Genealogical cases: About several children with the same name in one family

Cases when two children in large families were called by the same name are not uncommon for the 18th-19th centuries. Mostly this happened when, after the death of the eldest child, the younger one was called by the same name - either in memory of the deceased child, or due to other coincidences. However, cases were not uncommon when a family had two, or even three living children with the same name.

The family of Thomas Nikiforovich and Matrona Gavrilivna Archipenki in the confessional painting of the Pokrovsk Church of the village of Dmytrenko in the Kyiv region for 1823. Two Agafias are noted in the list of children. TsDIAK. F. 127 Op. 1015 Sp. 327a Ark. 236zv.

This did not happen because the parents lacked imagination or because the repertoire of names was so narrow. When giving a child a name, they primarily took into account which saint the Church honored on the day of baptism. So, for example, if a child was baptized on St. John's Day, he should have been called Ivan first. They preferred not to deviate from this rule so as not to lose the patron saint's protection. Ultimately, this explains why the names Ivan, Maria, or Anna were so common - each of them is associated with a patron saint, who is honored several times a year.

However, often the official names given at baptism could differ from the household names used in the family on a daily basis. After all, the main task of a name is to identify a person, and when there are two little Stepans or two Annas running around in the house, this complicates communication in the family. Sometimes the household name could eventually replace even the official one, which appears in church documents. Therefore, a person could be recorded under one name in childhood, and under another in adulthood.
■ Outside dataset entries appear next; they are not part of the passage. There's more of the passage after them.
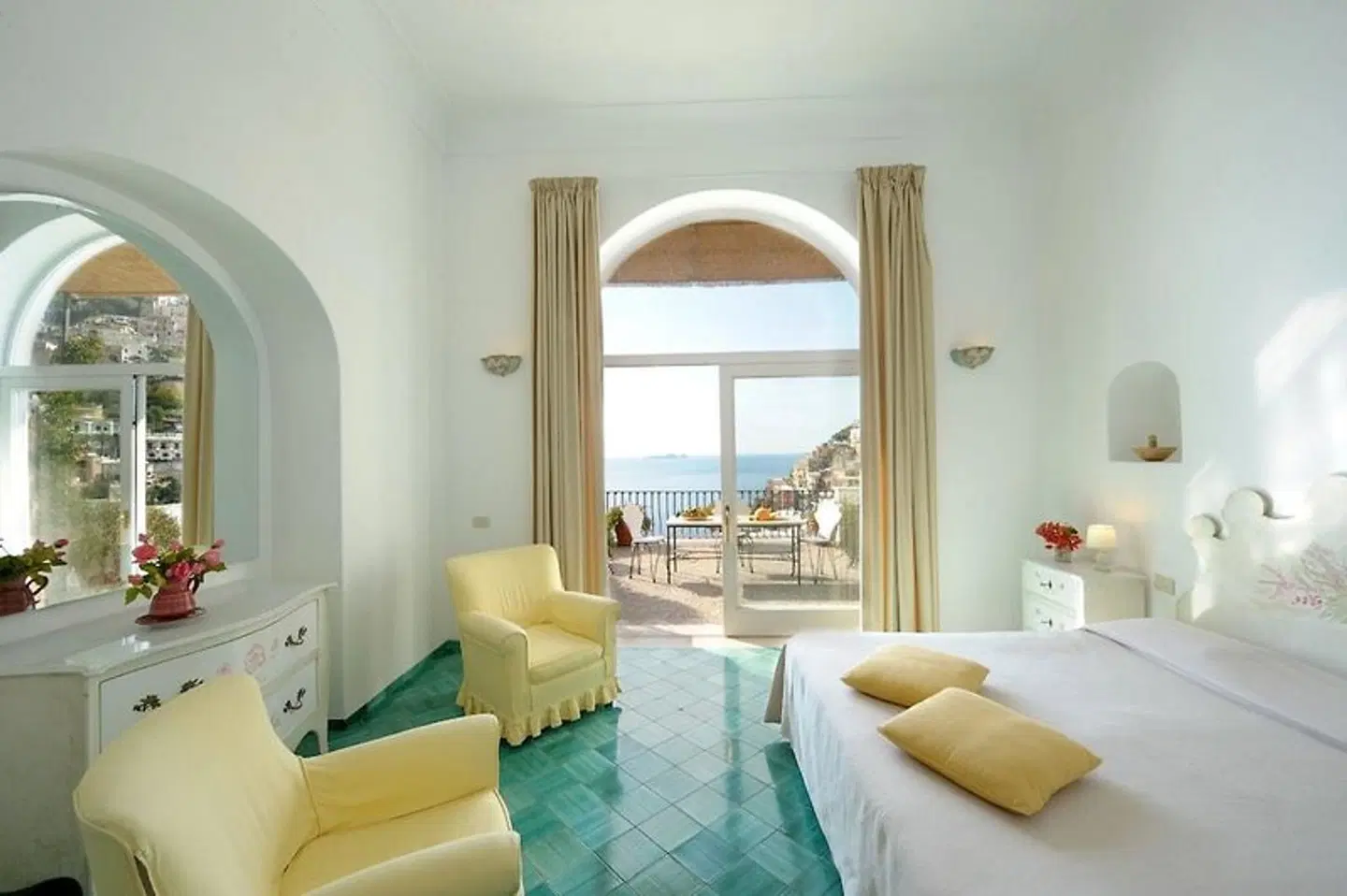 Villa Rosa ROOM_EXAMPLE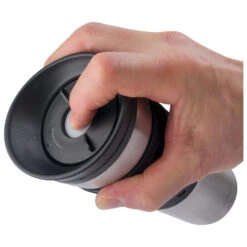 Basic Nature Thermobecher Grip - Mug -Sea to Sum Camping Shop basic nature thermobecher grip mug detail 5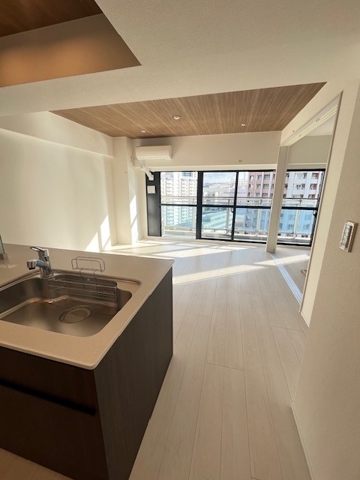 4/23 リビング/ダイニング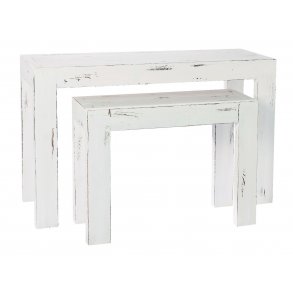 Presentation tabeller (2 st.) - Arv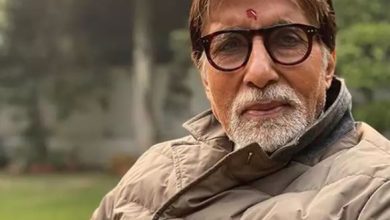 Photo of अमिताभ बच्चन की छोटी सी गलती पर लोगों न लगाई जमकर फटकार, जाने क्या है पूरा मामला
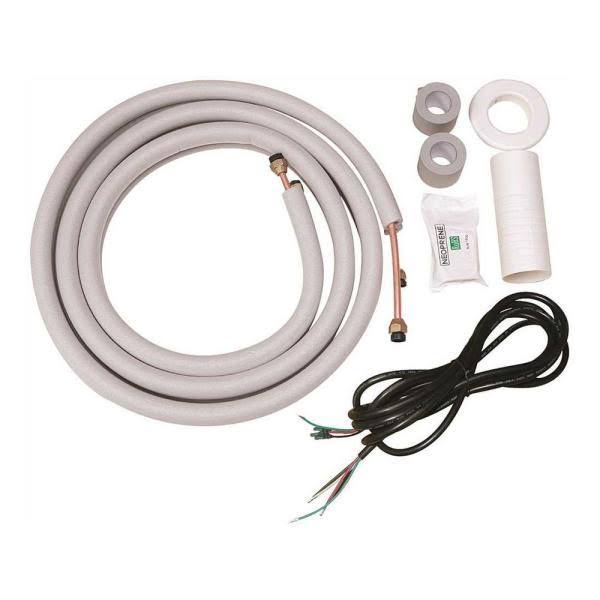 1/4 in. x 3/8 in. x 25 ft. Line Set for Mini-Split E956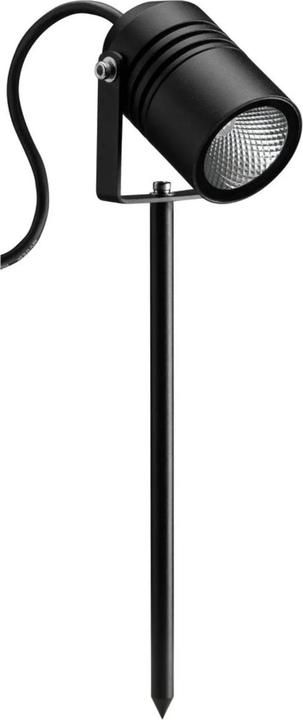 Produktbild LCD Aussenstrahler (860 lm, IP65)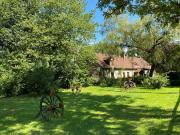Maison 7 pièces 170 m²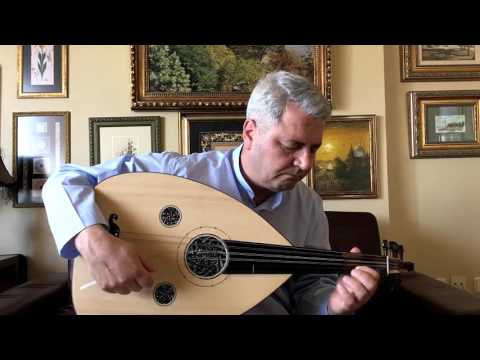 Serhan Aytan-Hicaz Taksim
Here is an interesting case when the family had as many as four daughters named Agafia. In one of the villages in the Kyiv region in the first third of the 19th century, there lived the family of a certain Foma Nikiforovich Archipenko. After two marriages, he had as many as 14 children, and four of them were called Agafia. The eldest of them was born around 1805, but died two years later, on May 12, 1807.[1] The second Agafia was born around 1806, the third about a year later. Both younger Agafias are mentioned in the confessional register of the parishioners of the local church for 1823.[2]. Another, this time the fourth Agafia was born in the second marriage of Thomas Archipenko on April 16, 1827. [3]

[1] TsDIAK. F. 127 Op. 1012 Sp. 1278 Ark. 105zv.-106.

[2] CDIAK. F. 127 Op. 1015 Sp. 327a Ark. 236 vol.

[3] CDIAK. F. 127 Op. 1012 File 1575a Ark. 156zv.-157.